Physiotherapy or Physio can help with a wide range of injuries and conditions including back and neck pain, repetitive strain injuries, joint pain and arthritis, muscle injuries, post surgery rehabilitation, and sports injuries. It can be used for rehabilitation either after surgery or to recover from an injury or strain.
Physiotherapists will typically use a combination of manual therapy and exercise to treat injuries. There are other treatments and services available such as Acupuncture, Hydrotherapy, Therapeutic Ultrasound, Pilates – we also have gyms and gym equipment, which can facilitate rehabilitation, in many of our hospitals.

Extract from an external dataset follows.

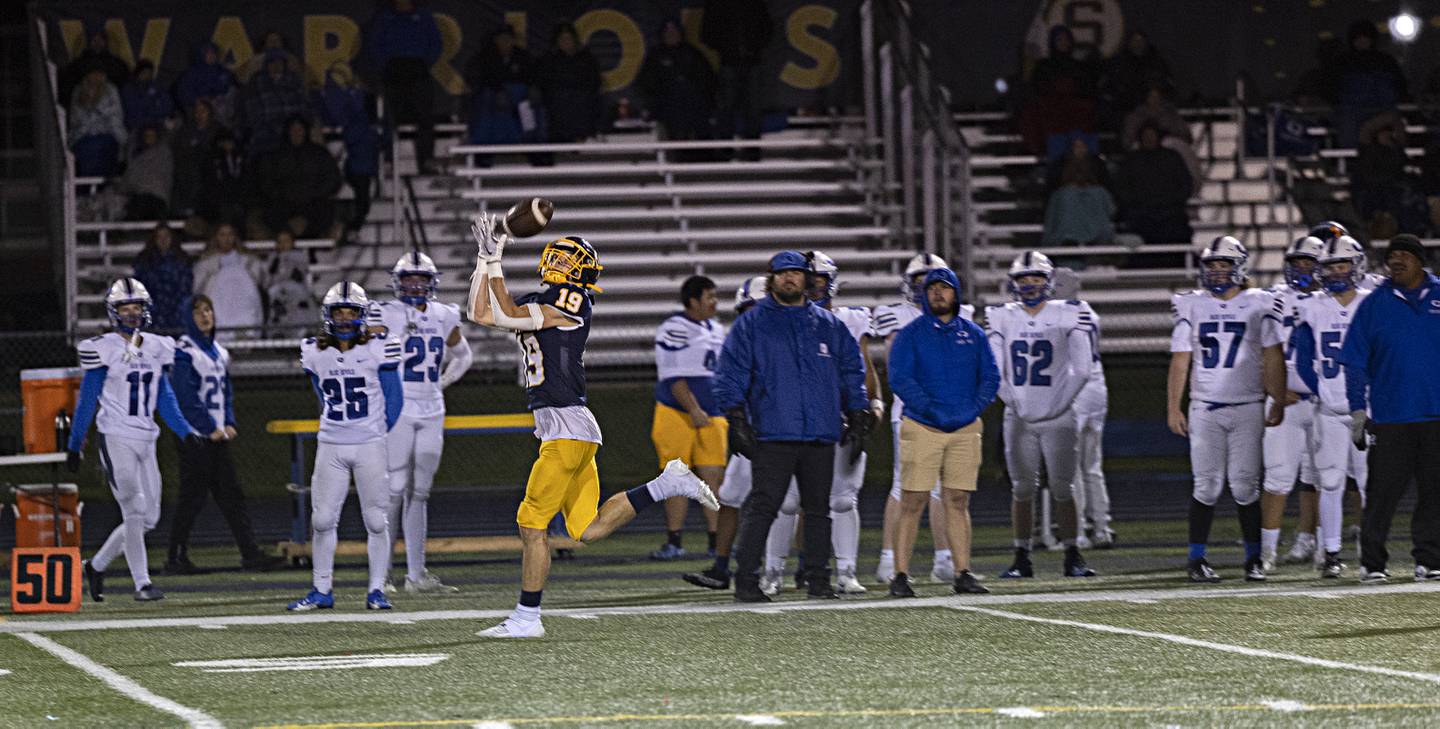 Sterling’s Mason Emin is wide open for a pass reception and touchdown against Quincy Friday, Oct.6, 2023 in Sterling.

Manual therapy includes massage, stretching and manipulative techniques to improve the range of joint movement and reduce pain. It can also reduce swelling, mobilise muscles, joints and nerves, and promote blood circulation to improve healing. Physiotherapists will feel injured or swollen tissues during movement analysis, to examine how your muscles, tendons and joints are moving and working together and to see whether a muscle is in spasm.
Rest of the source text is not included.